(Collected data)
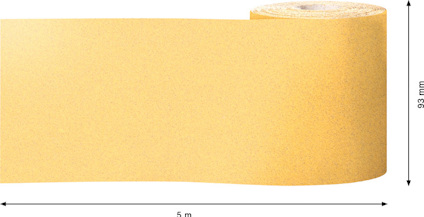 Rullad sandpapper, 5 meter långt och 93 mm brett, med gul yta.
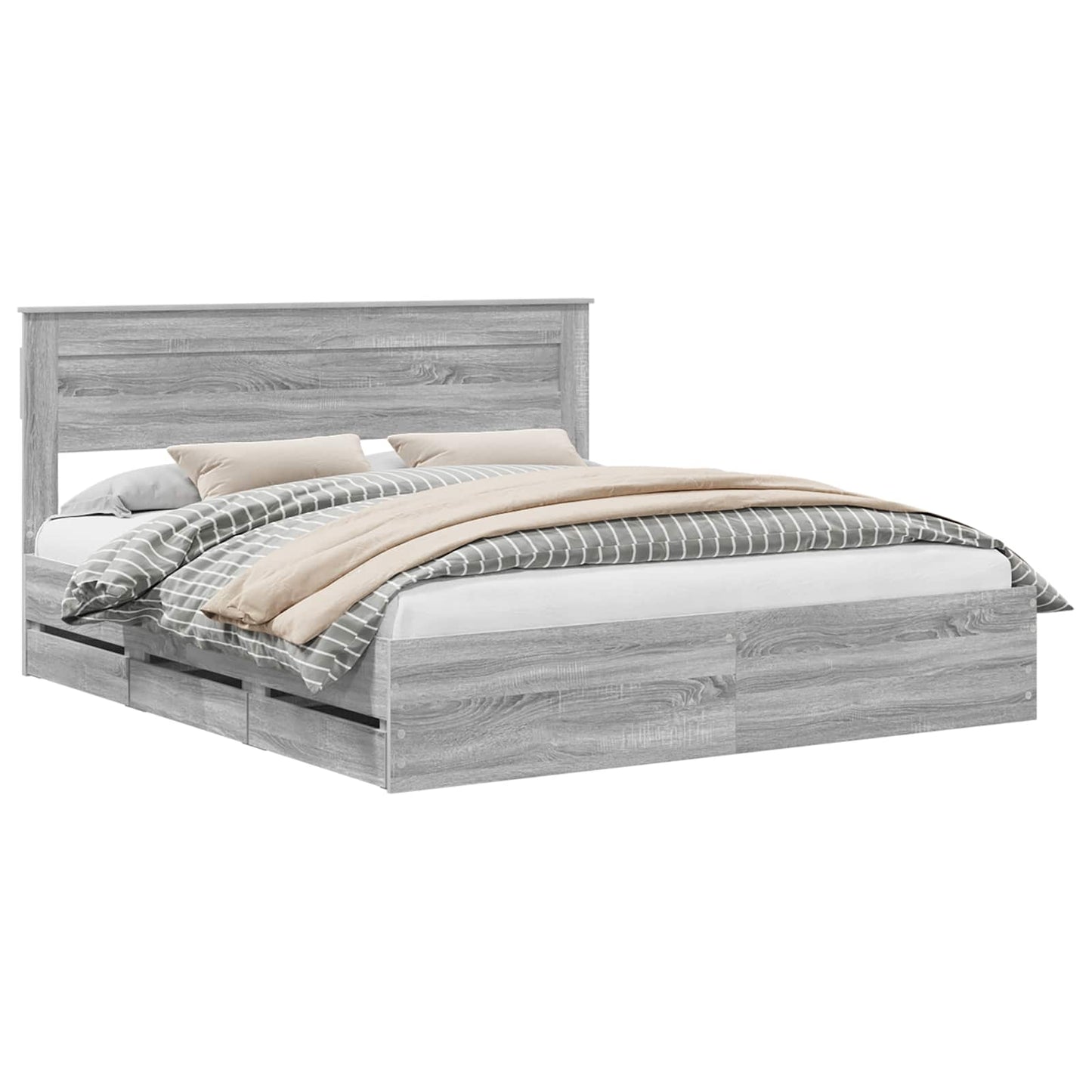 vidaXL Bed Frame with Drawer Grey Sonoma 200 x 200 cm Engineer Wood 2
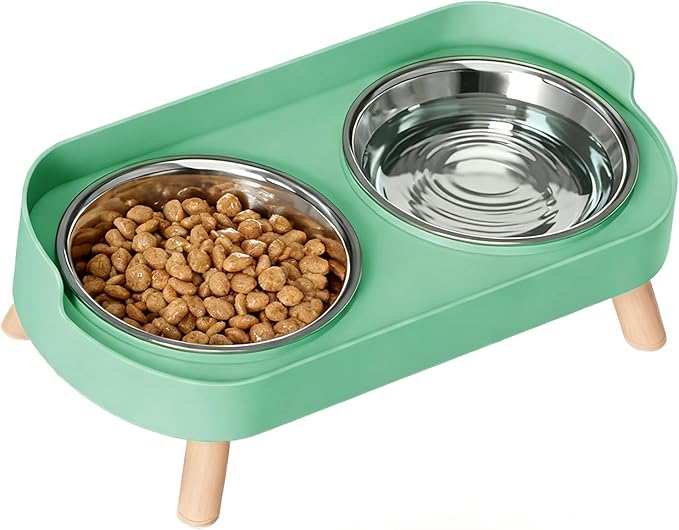Elevated Cat Bowls, 2 Stainless Steel Raised Cat Food and Water Bowl Set, Splash Proof & Non-Slip, Whisker Fatigue Friendly, Dishwasher Safe for Cats and Small Dogs - Green by Unknown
(End Collected data)
→ Problem to solve:
Omit the pictures and reproduce the listing exactly.

→ Completed exercise:
 Rullad sandpapper, 5 meter långt och 93 mm brett, med gul yta.
 vidaXL Bed Frame with Drawer Grey Sonoma 200 x 200 cm Engineer Wood 2
Elevated Cat Bowls, 2 Stainless Steel Raised Cat Food and Water Bowl Set, Splash Proof & Non-Slip, Whisker Fatigue Friendly, Dishwasher Safe for Cats and Small Dogs - Green by Unknown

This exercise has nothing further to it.